■ **REQUIREMENT**
Your output should be the line with "Radiolink AT10 II" plus all following lines to the end of the records, exactly as written and nothing more.

■ **DATASET EXTRACT**
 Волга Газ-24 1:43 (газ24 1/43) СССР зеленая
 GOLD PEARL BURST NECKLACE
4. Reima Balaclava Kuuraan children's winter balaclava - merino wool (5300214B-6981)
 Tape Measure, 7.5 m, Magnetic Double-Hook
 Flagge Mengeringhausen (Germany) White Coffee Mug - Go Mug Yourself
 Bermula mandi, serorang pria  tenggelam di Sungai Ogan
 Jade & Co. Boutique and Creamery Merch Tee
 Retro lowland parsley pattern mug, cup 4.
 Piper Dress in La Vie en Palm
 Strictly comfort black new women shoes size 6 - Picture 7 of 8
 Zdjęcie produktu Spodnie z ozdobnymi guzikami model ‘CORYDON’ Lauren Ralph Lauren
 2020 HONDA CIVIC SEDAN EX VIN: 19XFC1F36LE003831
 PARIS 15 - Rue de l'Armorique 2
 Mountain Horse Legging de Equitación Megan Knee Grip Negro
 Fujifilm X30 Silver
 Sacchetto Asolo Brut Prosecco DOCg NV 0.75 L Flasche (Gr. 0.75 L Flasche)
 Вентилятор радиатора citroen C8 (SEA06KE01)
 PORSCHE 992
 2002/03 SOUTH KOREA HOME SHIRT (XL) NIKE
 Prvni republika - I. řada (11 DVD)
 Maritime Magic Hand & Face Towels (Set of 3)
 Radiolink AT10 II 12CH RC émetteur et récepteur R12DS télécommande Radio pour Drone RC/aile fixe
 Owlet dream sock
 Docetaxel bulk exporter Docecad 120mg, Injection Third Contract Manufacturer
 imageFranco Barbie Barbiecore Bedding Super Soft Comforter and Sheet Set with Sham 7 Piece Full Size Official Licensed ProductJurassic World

■ **TASK RESPONSE**
 Radiolink AT10 II 12CH RC émetteur et récepteur R12DS télécommande Radio pour Drone RC/aile fixe
 Owlet dream sock
 Docetaxel bulk exporter Docecad 120mg, Injection Third Contract Manufacturer
 imageFranco Barbie Barbiecore Bedding Super Soft Comforter and Sheet Set with Sham 7 Piece Full Size Official Licensed ProductJurassic World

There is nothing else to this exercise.